Supplied material:
········

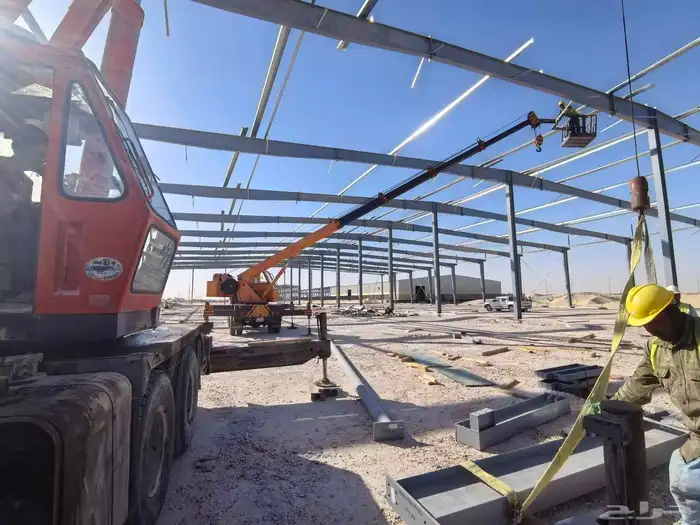 كرينات للايجار 5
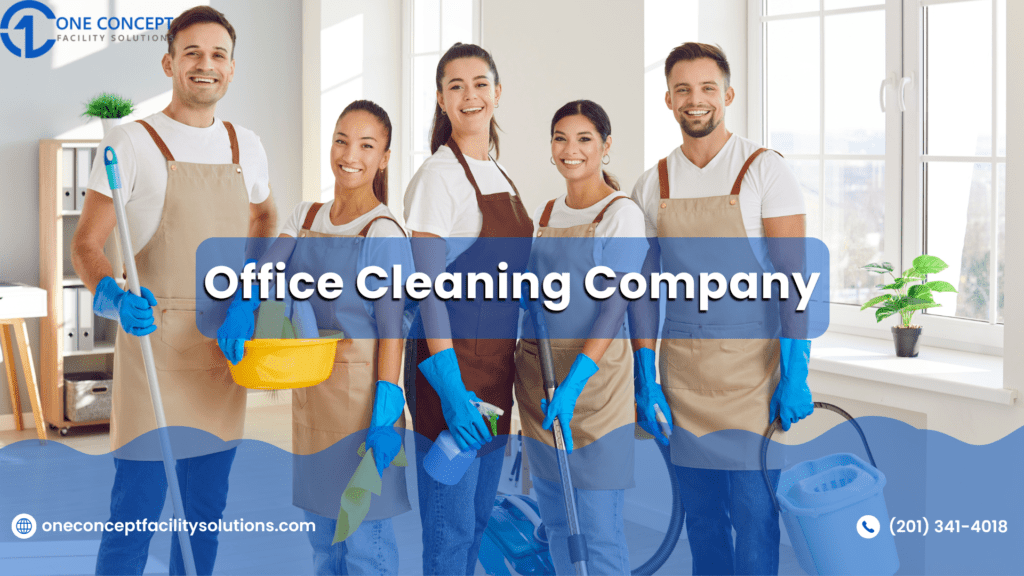Office Cleaning Company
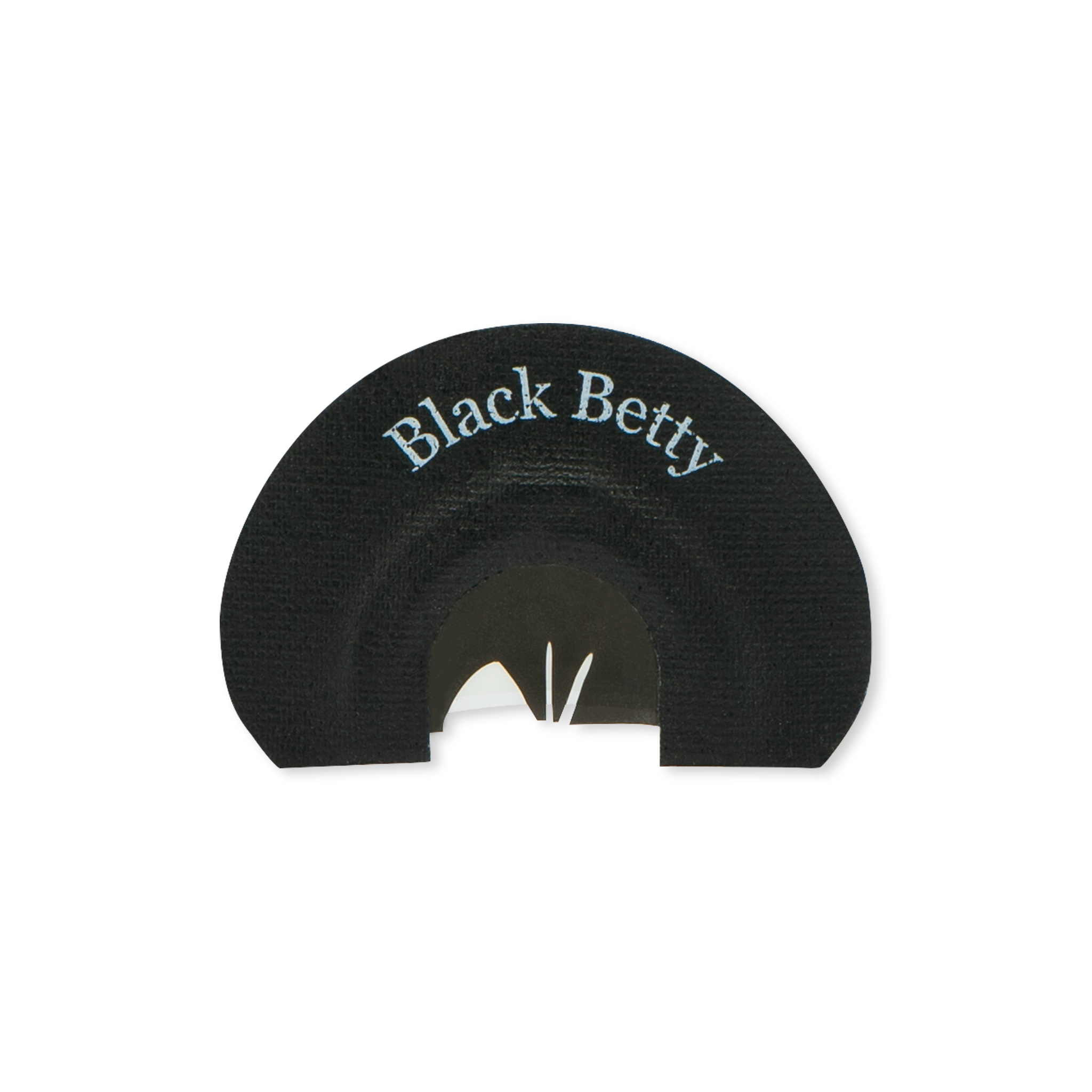 Black Betty Mouth Call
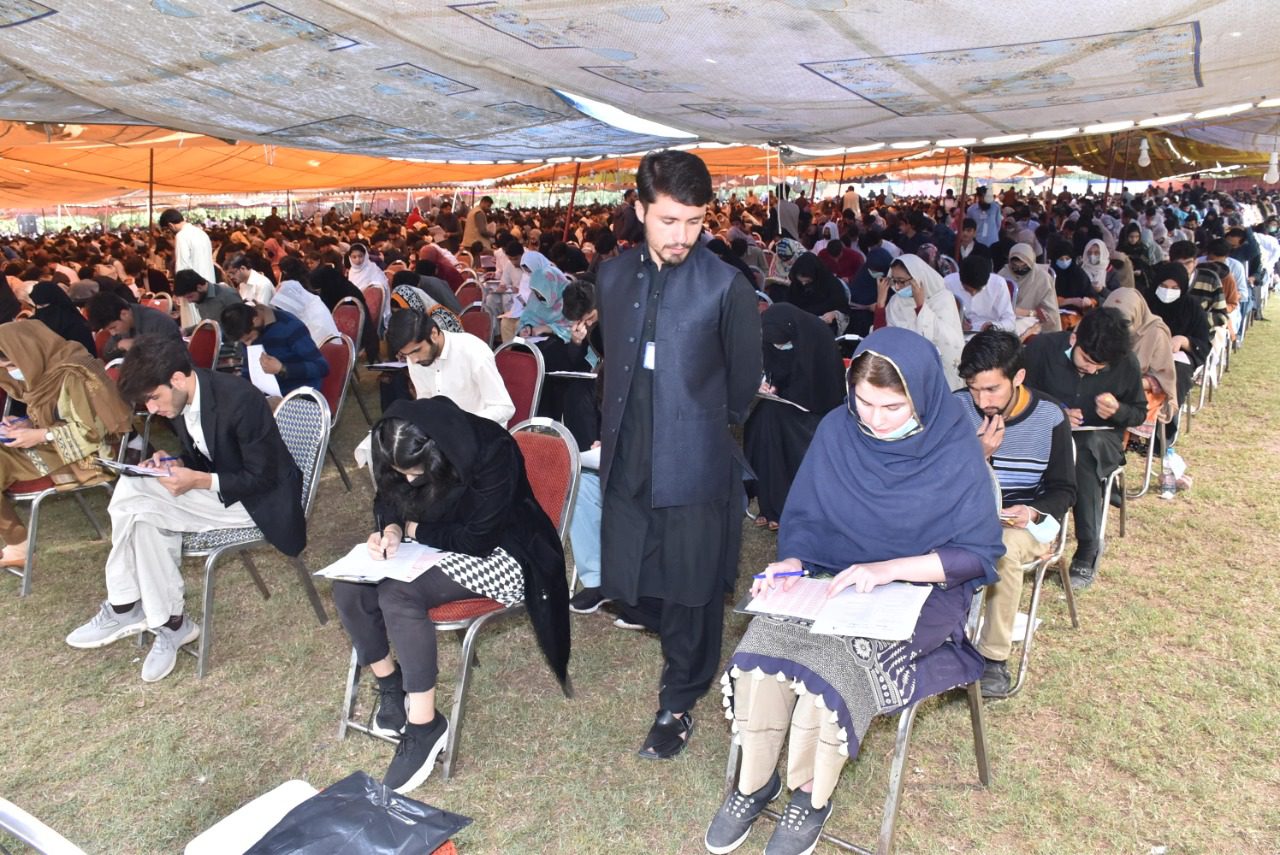 New MDCAT 2026 Center Announced in Islamabad for Balochistan Candidates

········

Please return the lines from the line with "Black Betty Mouth Call" through the last line of the data, both included, exactly, and without pictures.

 Black Betty Mouth Call
 New MDCAT 2026 Center Announced in Islamabad for Balochistan Candidates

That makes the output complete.